The ICC: Protection for the Rohingya?

Written by: Regina Paulose

In November 2012, the Office of the Prosecutor (OTP) of the ICC released its Report on Preliminary Examination Activities 2012, which examines situations in various countries for acts which could potentially amount to crimes against humanity and/or war crimes. Some of the countries mentioned in this report are North Korea, Columbia, and Afghanistan.[1] While one could question some of the cases the OTP is currently investigating,[2] this author takes the position that there are other atrocious human rights situations which need the immediate attention of the ICC.  In particular, the OTP should begin to make efforts to investigate and address the continued persecution and abuse of the Rohingya population in Burma.[3]

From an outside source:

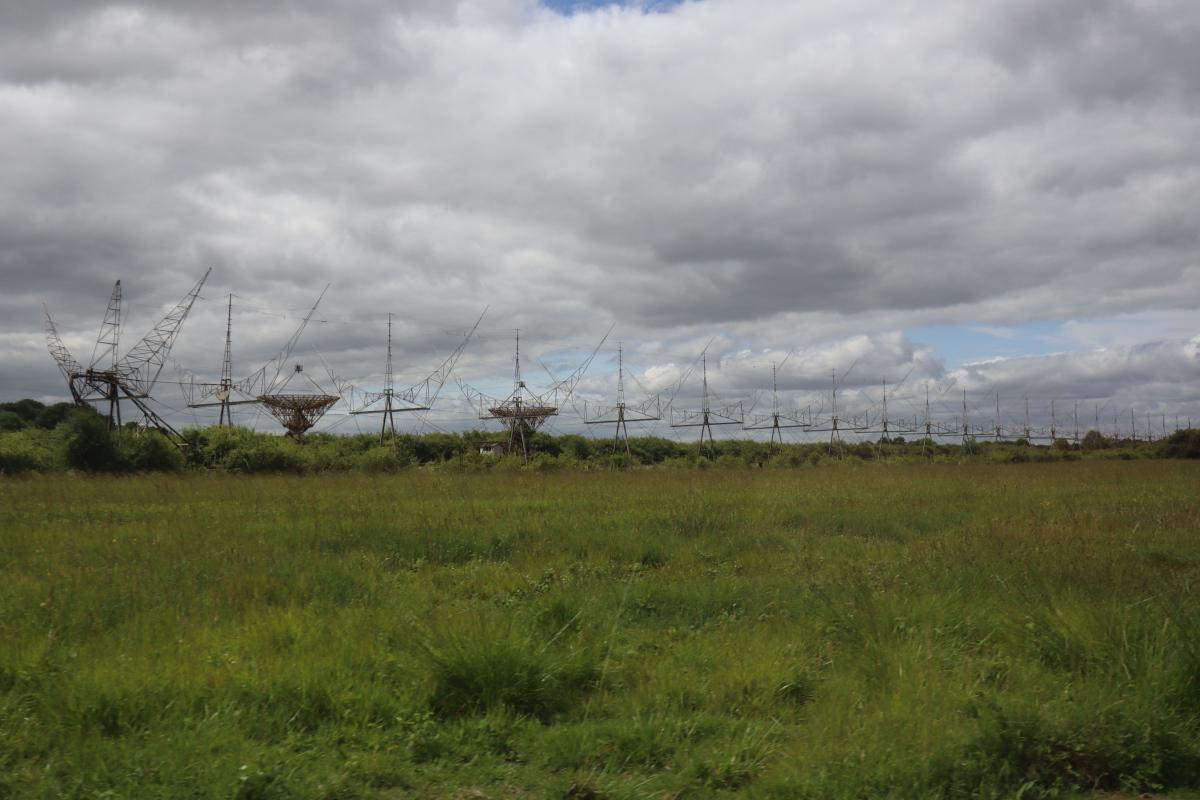 A row of 22 crescent moon shaped antennas, disappearing into the distance.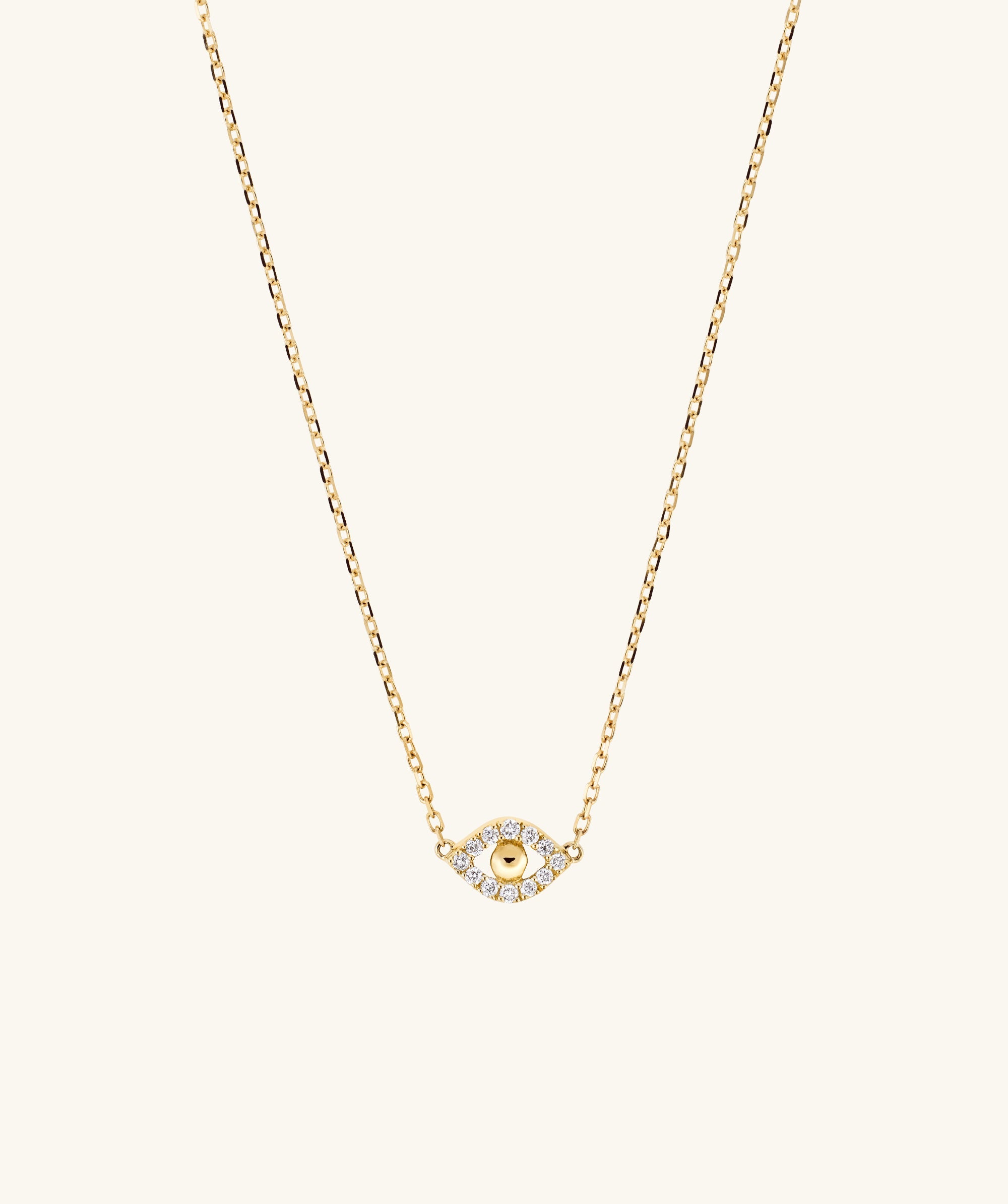 PavÃ© Diamond Evil Eye Necklace featuring a delicate gold chain with a small eye pendant, designed to ward off envy and negative energy.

The Status Quo Conflict and Response

According to some scholars, the Rohingya’s origins are not entirely clear.[4] Setting aside this debate, the Rohingya mainly reside in Burma on the western side. The Rohingya are a Muslim minority in Burma where the majority of the population is Buddhist. It is estimated that there are currently 800,000 to 1 million Rohingya living in Burma. Since the 1970’s the regime in Burma has been trying to drive out or restrict the Rohingya.[5] This sentiment was put into law in 1982 when it created a Citizenship Law, which mandates that a person must prove their Burmese ancestry dating back to 1823 in order to have freedom of movement and access to other basic rights such as education in the country.[6] (Recall: Armenian Genocide and Nazi Germany). This law is one of the prime reasons why the Rohingya have become “stateless.”

The Rohingya have been the target of violence and recent clashes, which has left “dozens dead and tens of thousands internally displaced.”[7] One does not have to look further than the last 8 months to truly see how the regime continues to treat the Rohingya. In June 2012, an outbreak in communal violence between the Buddhist and Muslim Rakhine and the Rohingya lead to massive sweeps resulting in detention of Rohingya men and boys. (Recall the massacre at Srebrenica). Reports indicated that these groups were subject to ill treatment and were held “incommunicado.”[8] In October 2012, satellite images showed that homes of the Rohingya were being destroyed by security forces. The security forces then overwhelmed and cornered the Rohingya to drive them out of the area. This destruction is on top of the gruesome reports of beheading and killing of women and children.[9] (Recall: Rwanda).  The violence has continued in spurts, but is clearly directed at the Rohingya and motivated purely by hatred.

Faced with no other alternatives and with no access to justice in their country, the Rohingya have begun to flee only to be met with rejection from other countries. On the first day of 2013, some members of the Rohingya group were intercepted by Thai authorities and were deported back to Burma.[10] The Thai Navy is under orders to send them away from Thailand. Bangladesh has also expressed that it is not willing to accept Rohingya into their country.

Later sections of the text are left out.